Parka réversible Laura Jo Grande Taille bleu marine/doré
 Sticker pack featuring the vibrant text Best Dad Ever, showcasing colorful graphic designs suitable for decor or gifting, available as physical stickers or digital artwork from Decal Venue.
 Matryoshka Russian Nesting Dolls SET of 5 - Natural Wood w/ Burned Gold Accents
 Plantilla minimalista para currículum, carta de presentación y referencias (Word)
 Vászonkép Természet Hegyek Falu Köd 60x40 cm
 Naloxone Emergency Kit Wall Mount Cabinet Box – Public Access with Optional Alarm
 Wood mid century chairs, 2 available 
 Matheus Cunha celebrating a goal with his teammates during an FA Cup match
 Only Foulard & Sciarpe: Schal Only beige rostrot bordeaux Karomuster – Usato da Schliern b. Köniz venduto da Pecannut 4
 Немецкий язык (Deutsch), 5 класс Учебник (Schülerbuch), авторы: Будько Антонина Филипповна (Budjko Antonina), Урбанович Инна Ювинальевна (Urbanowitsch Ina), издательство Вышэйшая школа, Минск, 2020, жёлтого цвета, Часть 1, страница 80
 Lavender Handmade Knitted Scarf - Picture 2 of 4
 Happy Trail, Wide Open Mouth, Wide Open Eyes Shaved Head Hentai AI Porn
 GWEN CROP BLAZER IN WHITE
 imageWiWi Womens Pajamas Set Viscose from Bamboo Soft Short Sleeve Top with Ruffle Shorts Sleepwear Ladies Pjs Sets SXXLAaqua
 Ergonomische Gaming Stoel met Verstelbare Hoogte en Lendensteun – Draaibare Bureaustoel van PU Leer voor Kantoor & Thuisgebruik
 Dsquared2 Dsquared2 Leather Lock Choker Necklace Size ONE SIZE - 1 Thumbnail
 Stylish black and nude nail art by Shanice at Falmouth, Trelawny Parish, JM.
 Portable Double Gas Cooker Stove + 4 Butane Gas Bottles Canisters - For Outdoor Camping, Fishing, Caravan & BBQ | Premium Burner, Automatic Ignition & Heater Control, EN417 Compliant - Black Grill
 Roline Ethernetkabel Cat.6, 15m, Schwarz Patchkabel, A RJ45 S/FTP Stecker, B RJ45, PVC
◇ ◇ ◇ ◇
The records need to be reproduced in their entirety, word for word.

**Task output:**
Parka réversible Laura Jo Grande Taille bleu marine/doré
 Sticker pack featuring the vibrant text Best Dad Ever, showcasing colorful graphic designs suitable for decor or gifting, available as physical stickers or digital artwork from Decal Venue.
 Matryoshka Russian Nesting Dolls SET of 5 - Natural Wood w/ Burned Gold Accents
 Plantilla minimalista para currículum, carta de presentación y referencias (Word)
 Vászonkép Természet Hegyek Falu Köd 60x40 cm
 Naloxone Emergency Kit Wall Mount Cabinet Box – Public Access with Optional Alarm
 Wood mid century chairs, 2 available 
 Matheus Cunha celebrating a goal with his teammates during an FA Cup match
 Only Foulard & Sciarpe: Schal Only beige rostrot bordeaux Karomuster – Usato da Schliern b. Köniz venduto da Pecannut 4
 Немецкий язык (Deutsch), 5 класс Учебник (Schülerbuch), авторы: Будько Антонина Филипповна (Budjko Antonina), Урбанович Инна Ювинальевна (Urbanowitsch Ina), издательство Вышэйшая школа, Минск, 2020, жёлтого цвета, Часть 1, страница 80
 Lavender Handmade Knitted Scarf - Picture 2 of 4
 Happy Trail, Wide Open Mouth, Wide Open Eyes Shaved Head Hentai AI Porn
 GWEN CROP BLAZER IN WHITE
 imageWiWi Womens Pajamas Set Viscose from Bamboo Soft Short Sleeve Top with Ruffle Shorts Sleepwear Ladies Pjs Sets SXXLAaqua
 Ergonomische Gaming Stoel met Verstelbare Hoogte en Lendensteun – Draaibare Bureaustoel van PU Leer voor Kantoor & Thuisgebruik
 Dsquared2 Dsquared2 Leather Lock Choker Necklace Size ONE SIZE - 1 Thumbnail
 Stylish black and nude nail art by Shanice at Falmouth, Trelawny Parish, JM.
 Portable Double Gas Cooker Stove + 4 Butane Gas Bottles Canisters - For Outdoor Camping, Fishing, Caravan & BBQ | Premium Burner, Automatic Ignition & Heater Control, EN417 Compliant - Black Grill
 Roline Ethernetkabel Cat.6, 15m, Schwarz Patchkabel, A RJ45 S/FTP Stecker, B RJ45, PVC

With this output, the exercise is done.